O apagão de abril foi o mais grave incidente de sempre, nas redes de eletricidade da Península Ibérica e um dos mais graves, na Europa, neste século. Resultou de oscilações de tensão na rede elétrica espanhola, que levaram à desativação, em massa, de múltiplos produtores de eletricidade, criando insustentável desequilíbrio no sistema elétrico espanhol, que, tendo colapsado, pelas 11h33, levou a rede portuguesa a cair, dada a interligação dos dois países.
A lista do Plano de Reforço da Segurança do Sistema Elétrico Nacional conta com 31 pontos ou medidas – o ADN das medidas deste governo é, habitualmente, a trintena (embora, às vezes, falte ou se acrescente uma ou outra) – e o investimento total ultrapassará os 400 milhões de euros.

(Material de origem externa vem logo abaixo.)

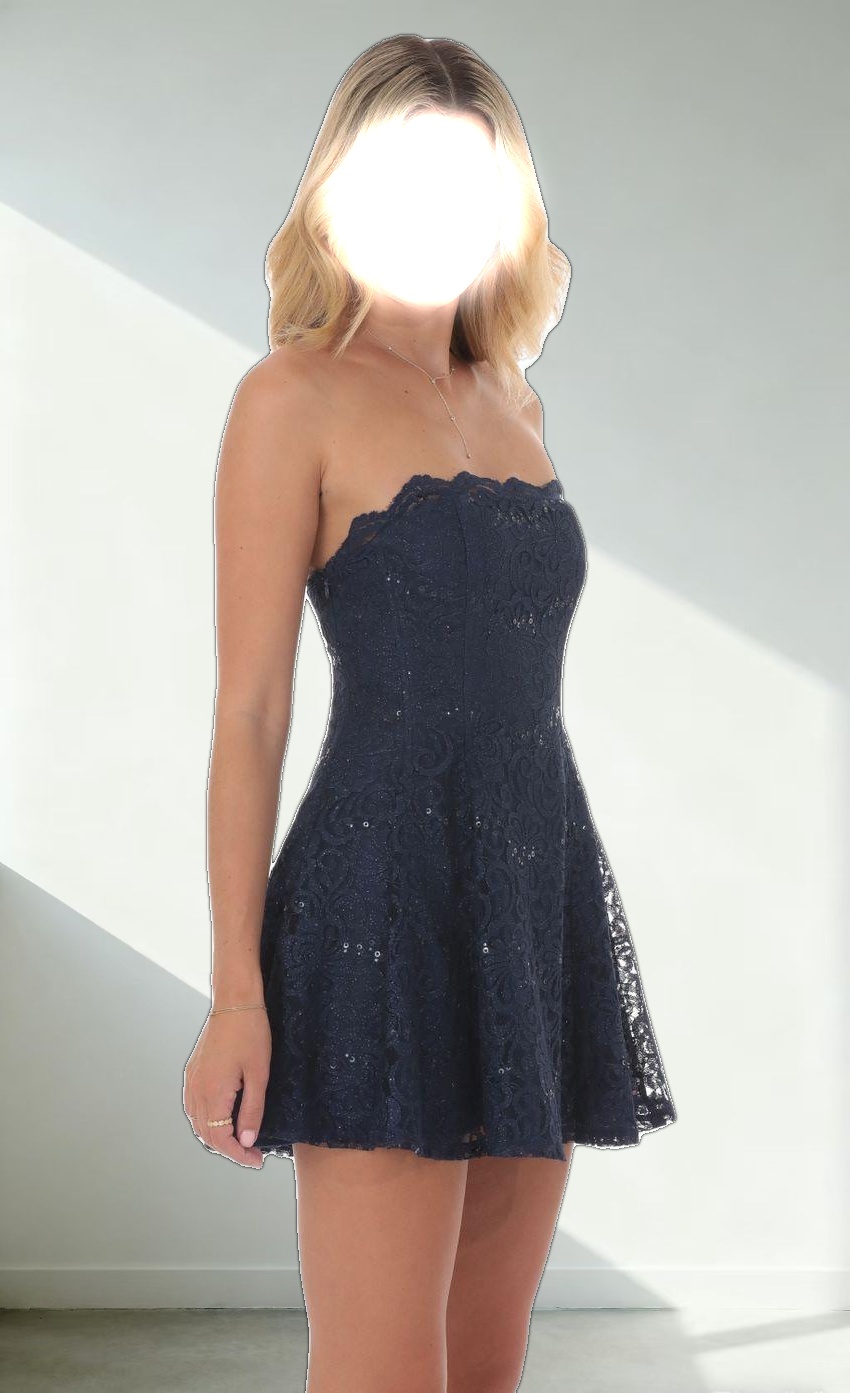 Lace Glitter Sequin Strapless Dress in Navy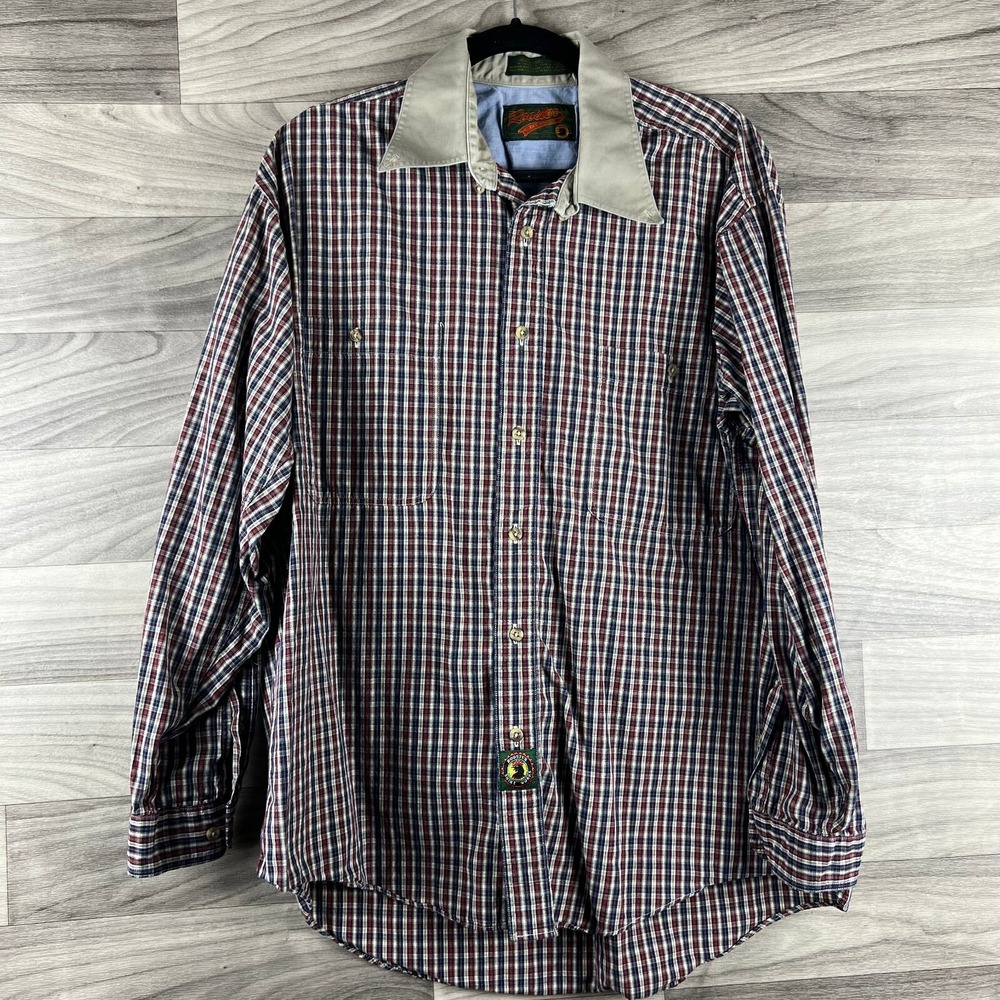 Rooster‎ Shirt Mens 16.5 34/35 Blue Button Down Plaid Cotton Vintage Western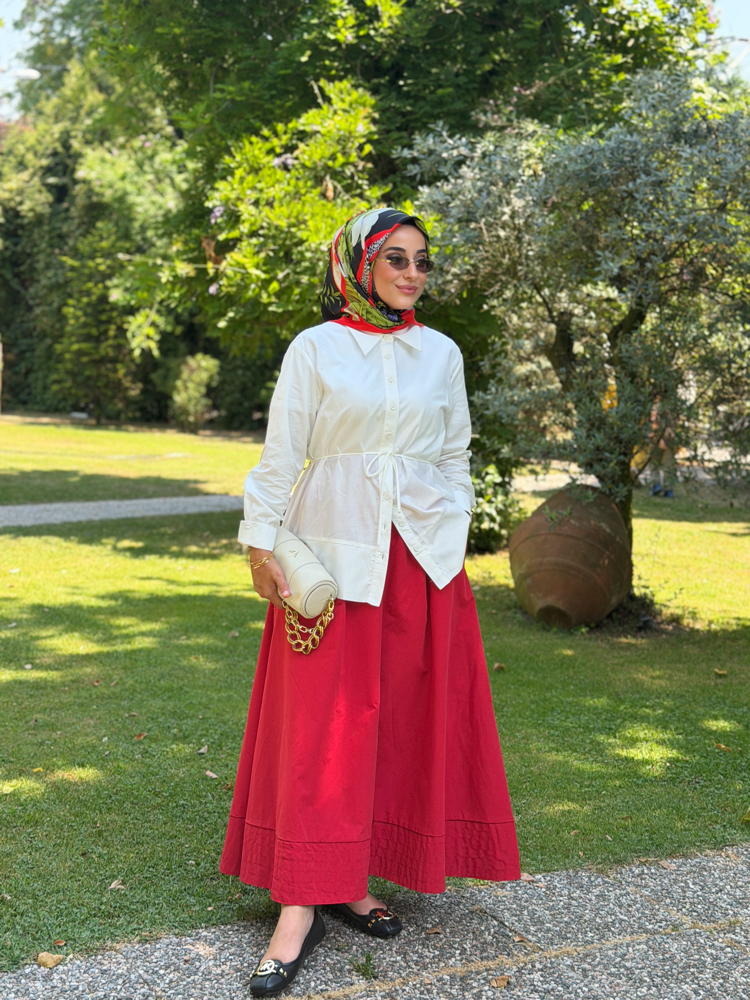 Kırmızı Beli Lastıklı Etek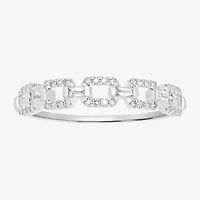 Link Womens 1/4 CT. T.W. Natural White Diamond 14K Gold Delicate Stackable Ring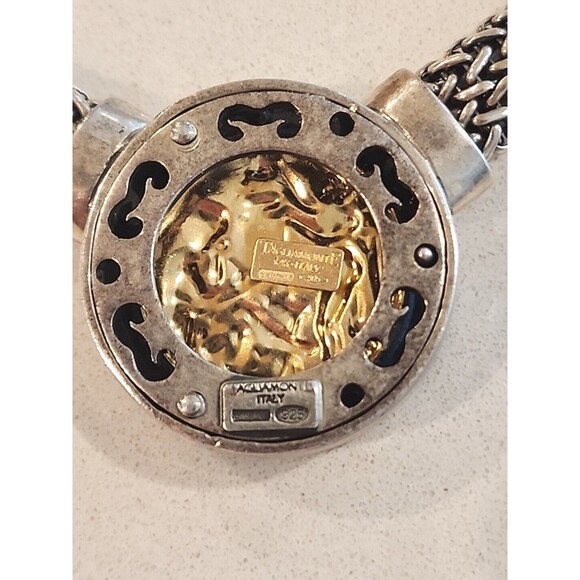 TAGLIAMONTE Cameo 14K Gold Enhancer Pendant 925 Menagatti Bezel Italy Necklace - Picture 6 of 8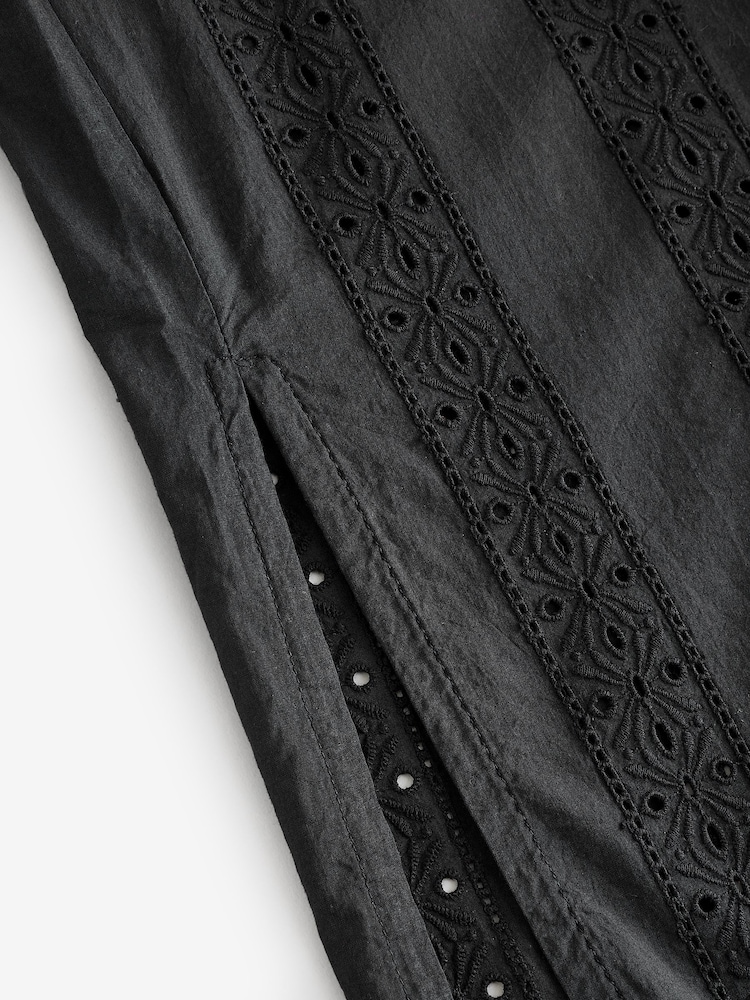 Laura Ashley Black 100% Cotton Broderie Beach Trousers - Image 8 of 8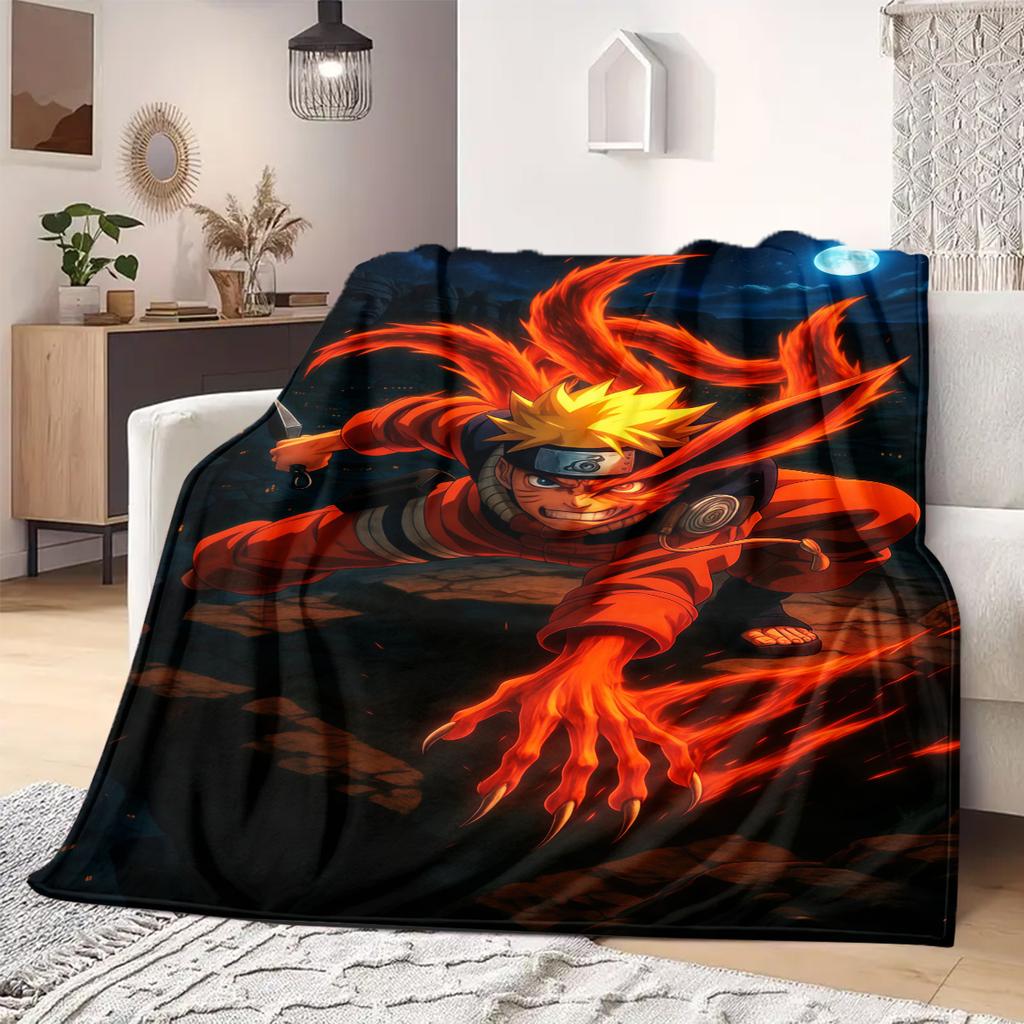 Naruto Anime Print Blanket Warm Comfortable Flannel Blanket Suitable for Bedrooms, Sofas, Beds, Chairs, Picnics, Travel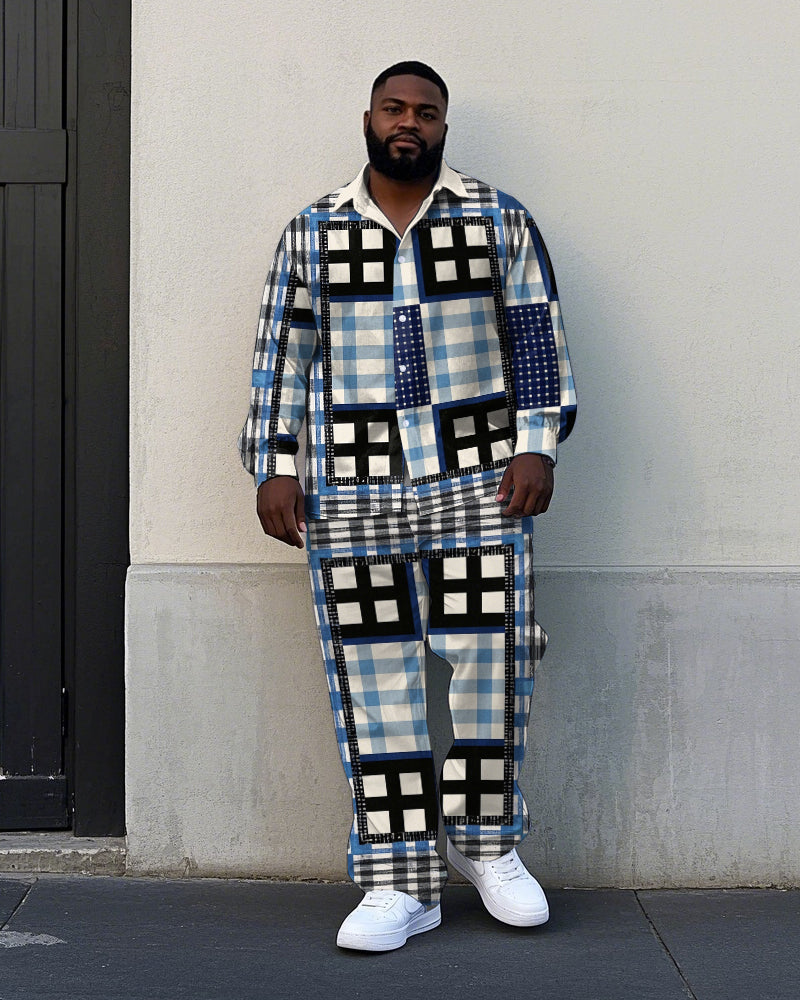 Big & Tall Colorblock Plaid T-Shirt Pants Set for big men view 1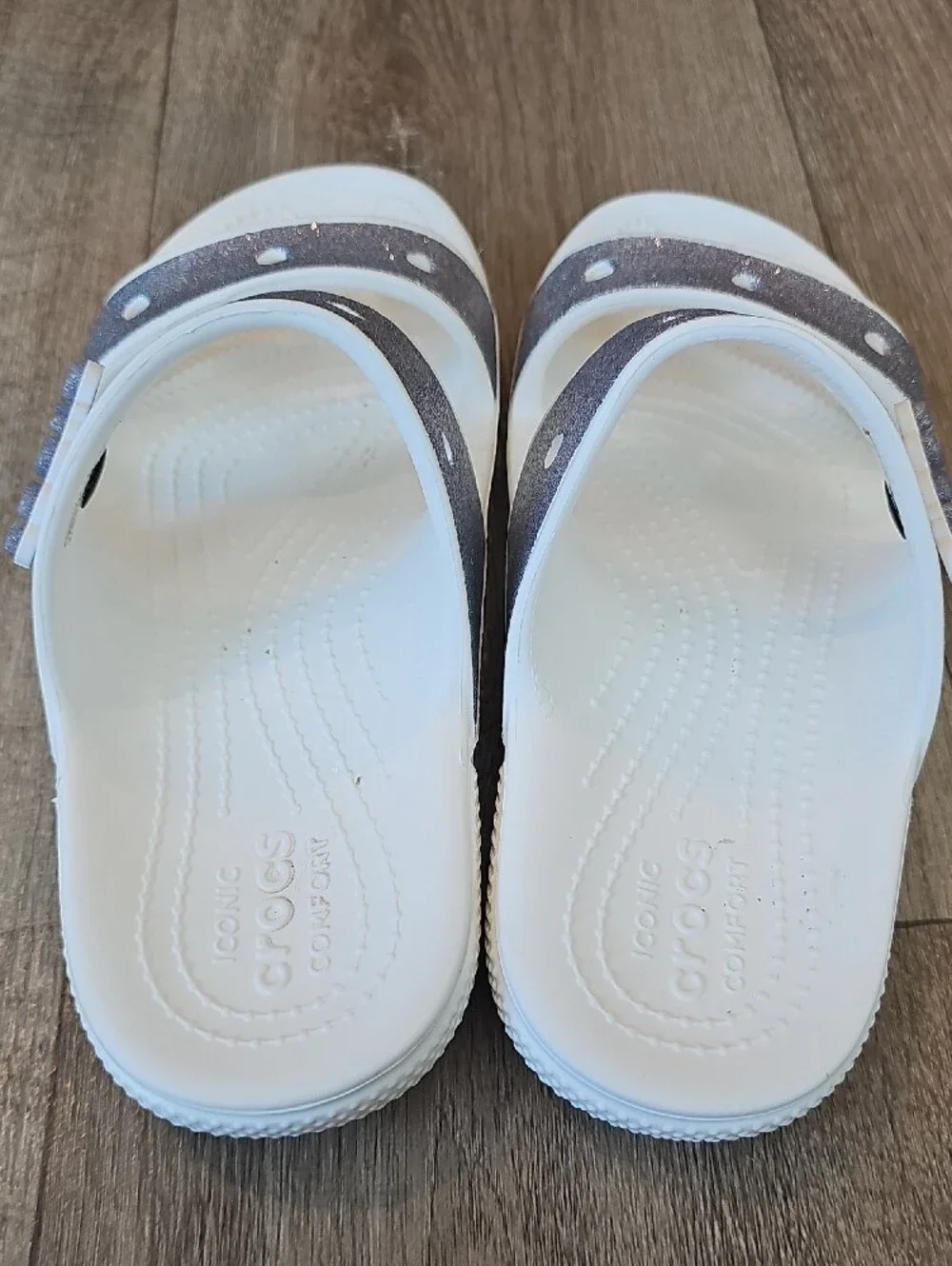 CROCS Kids' Older Girl Size 6 Glitter Double-Strap Slide Sandals.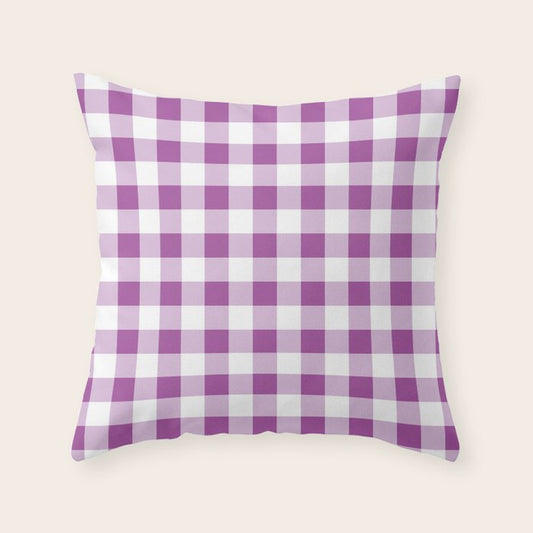 Gingham Large Lavender Amethyst White Throw Pillow Gallery Image 1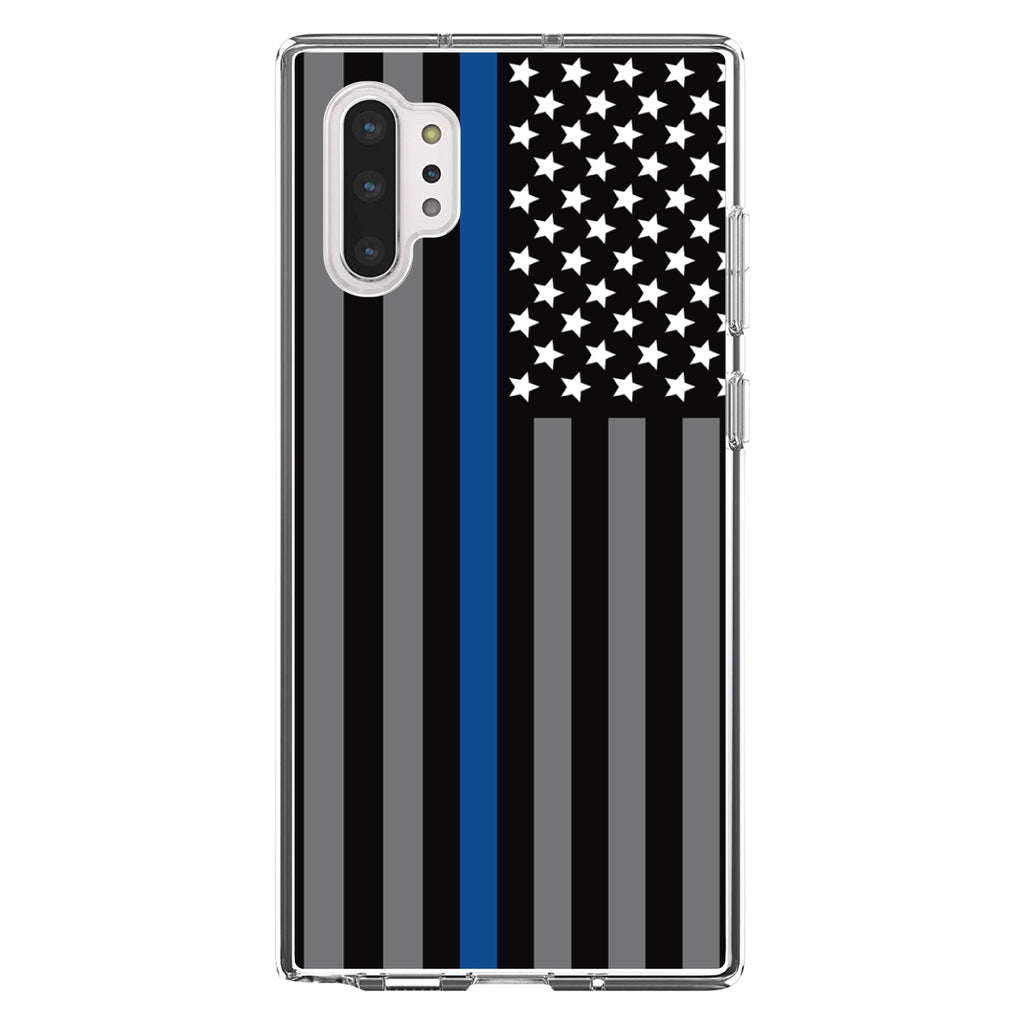 Thin Blue Line US Flag Law Enforcement Clear Shockproof iPhone Case, view 10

Quer, pois, o governo aumentar a capacidade de armazenamento de eletricidade, compreendendo o armazenamento químico, através de baterias, e o armazenamento hídrico, através da capacidade das barragens. Para isso, preparou um pacote de 31 medidas, com um investimento previsto de mais de 400 milhões de euros, entre setor o público e o privado (os números foram, inicialmente, avançados pelo Expresso e, depois, confirmados pelo Diário de Notícias), com vista a prevenir um novo apagão como o que, a 28 de abril, atingiu Portugal e a Espanha, deixando milhões de pessoas às escuras e sem comunicações.
As medidas foram apresentadas a meio da manhã do dia 28, pela ministra do Ambiente e Energia, Maria da Graça Carvalho, acompanhada pelo secretário de Estado da Energia, Jean Barroca, em conferência de imprensa, no Ministério da Energia, em Lisboa.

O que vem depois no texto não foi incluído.